## Séminaire Algorithmique |

Le séminaire a lieu **le mardi à 11 h 45** (sauf modification exceptionnelle), au campus Côte de Nacre, bâtiment Sciences 3, salle S3 351, 3ème étage.

# Résumé du séminaire du Mardi 1 Février 2011

*Helly Property and Satisfiability of Boolean Formulas
Defined on Set Families*

## par Miki Hermann (LIX, Ecole polytechnique)

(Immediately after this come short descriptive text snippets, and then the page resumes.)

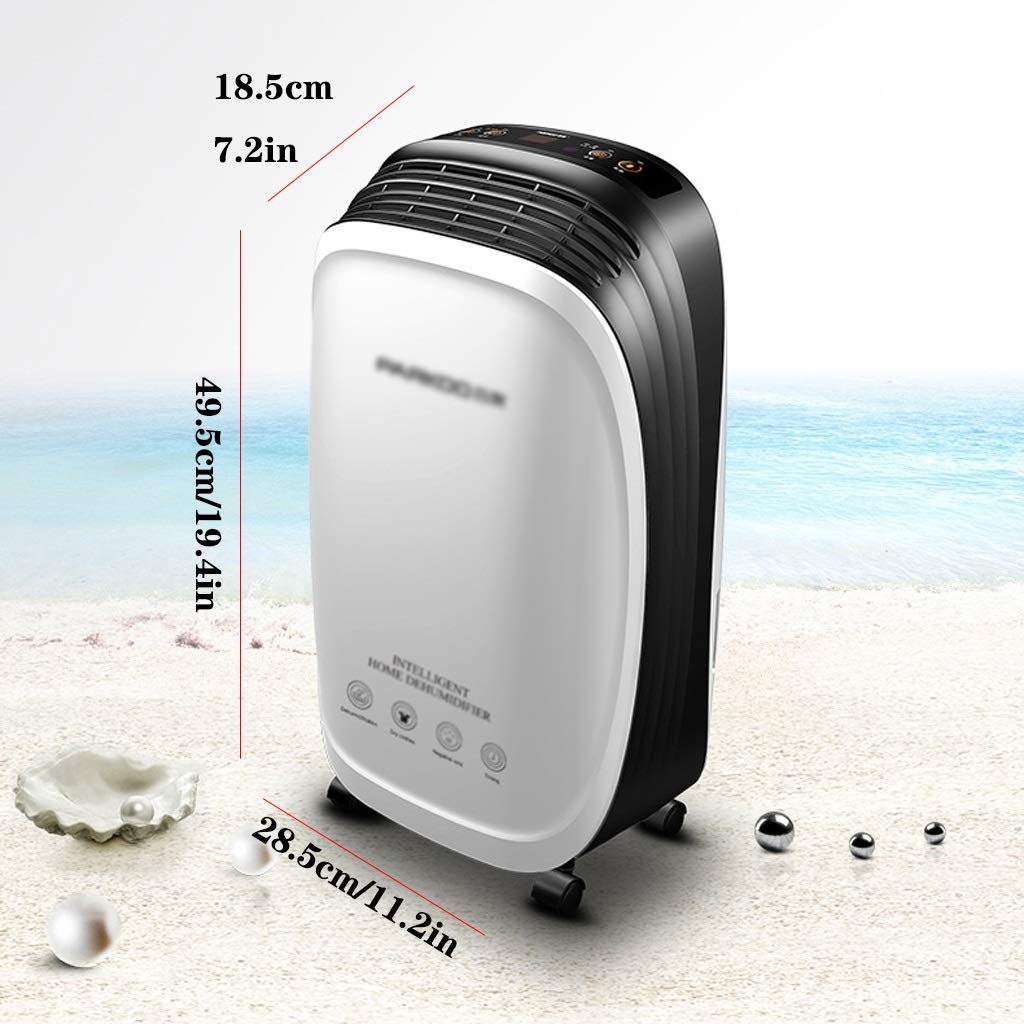 Portable Household Dehumidifier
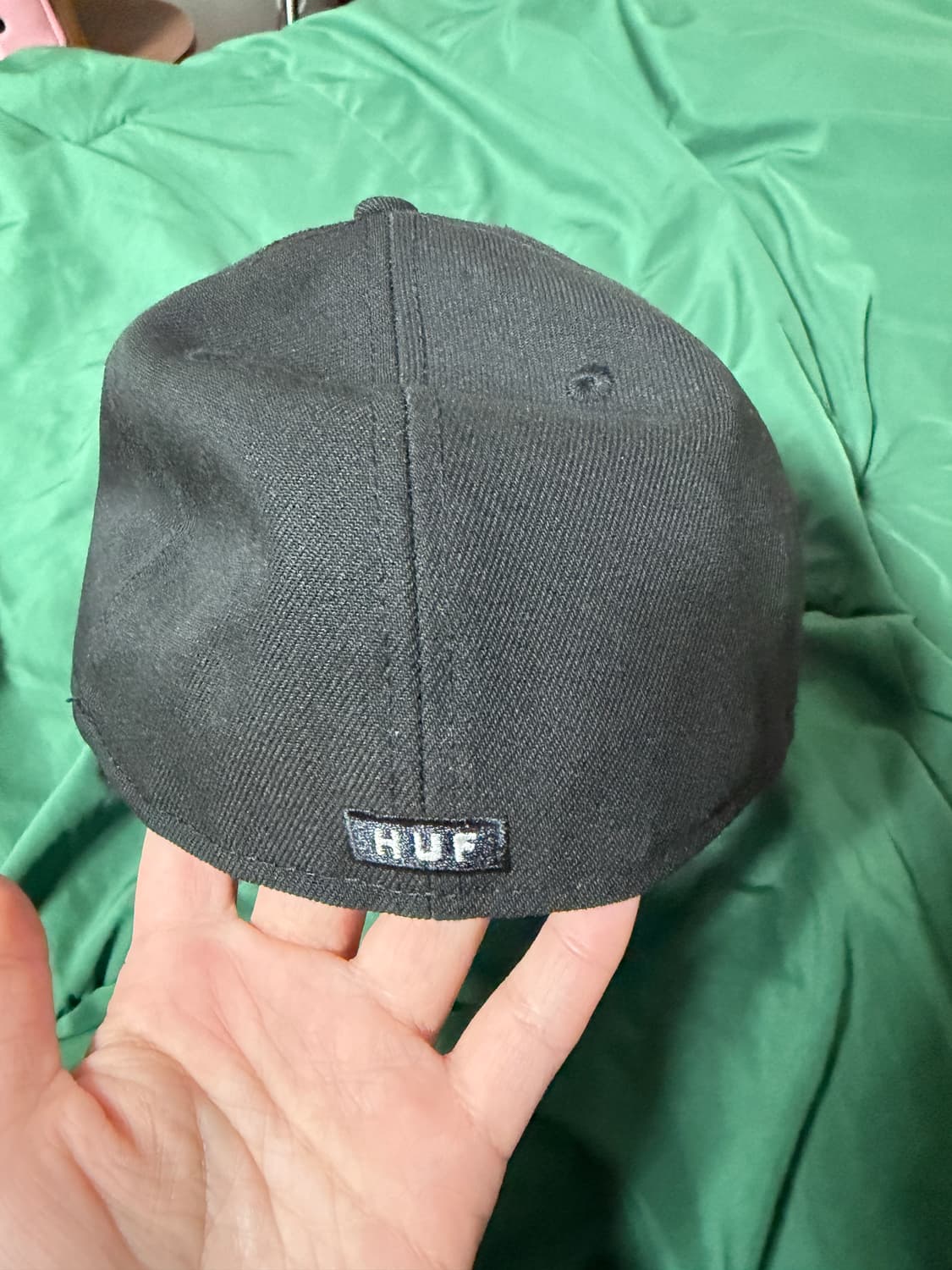 HUF 허프 뉴에라 모자 상품이미지3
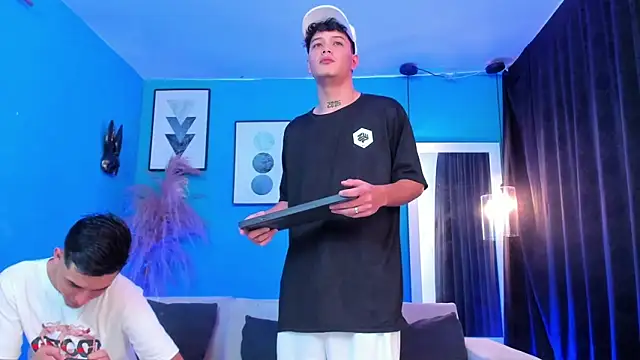 KingOfHeavens 2 online show from March 13, 2026, 7:30 pm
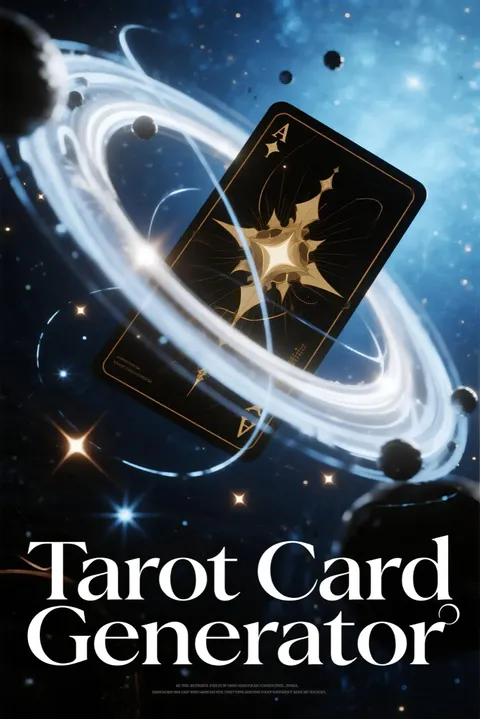 Gerador de Cartas de Tarô
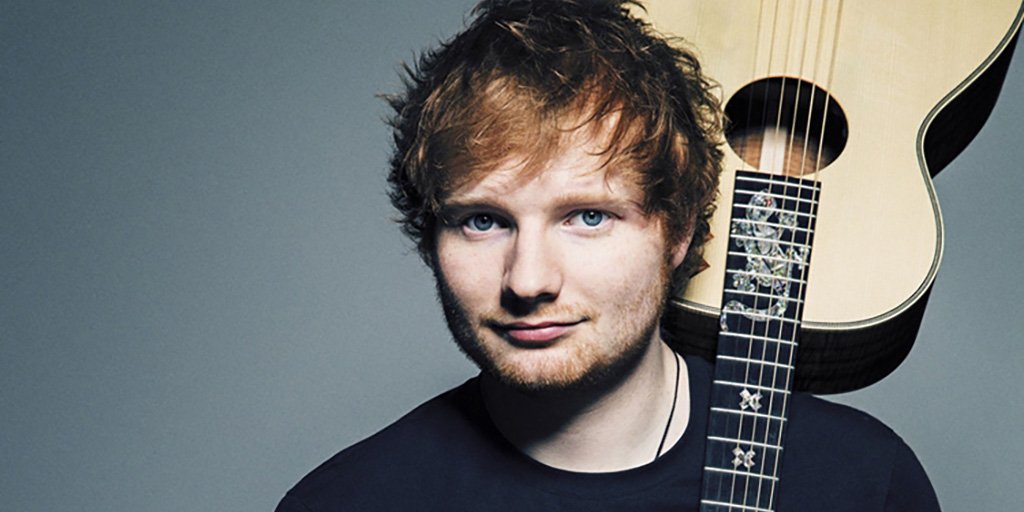 Ed Sheeran r Daily Global Diary - Authentic Global News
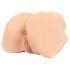 Realistixxx Style IV - naturtro torso onaniprodukt (naturlig)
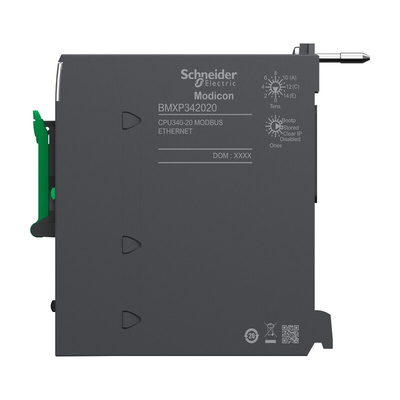 Schneider Electric PLC Expansion Module for Use with Modicon M340, Analogue, Discrete, Analogue, Discrete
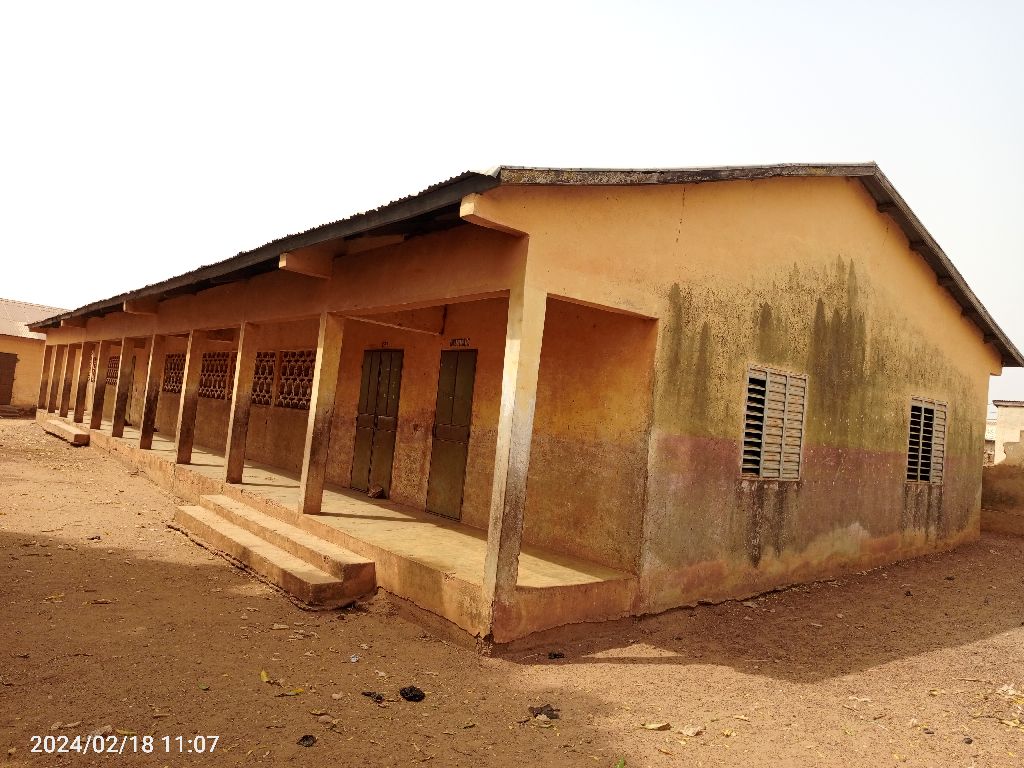 Photo de l'infrastructure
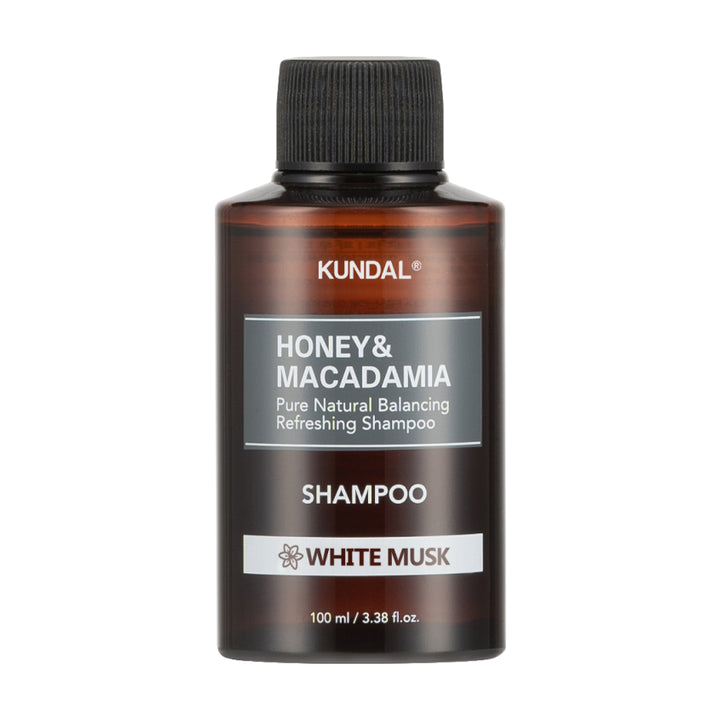 Korean products – WHITE MUSK SHAMPOO 100ML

We study the problem of satisfiability of Boolean formulas F in
conjunctive normal form (CNF) whose literals have the form
(*v* ∈ *R*) and express the membership of values to sets
*R* of a given set family **S** defined on a finite domain
*D*. We establish the following dichotomy result. We show that
checking the satisfiability of such formulas (called
**S**-formulas) with three or more literals per clause is
NP-complete except the trivial case when the intersection of all
sets in **S** is nonempty. On the other hand, the satisfiability
of **S**-formulas *F* containing at most two literals per
clause is decidable in polynomial time if **S** satisfies the
Helly property, and is NP-complete otherwise (in the first case, we
present an *O*(|*F*| . |**S**| . |*D*|)-time
algorithm for deciding if *F* is satisfiable). Deciding
whether a given set family **S** satisfies the Helly property
can be done in polynomial time. We also overview several well-known
examples of Helly families and discuss the consequences of our
result to such set families and its relation ship with the previous
work on the satisfiability of signed formulas in multiple-valued
logic.

Joint work with Victor Chepoi, Nadia Creignou, et Gernot Salzer.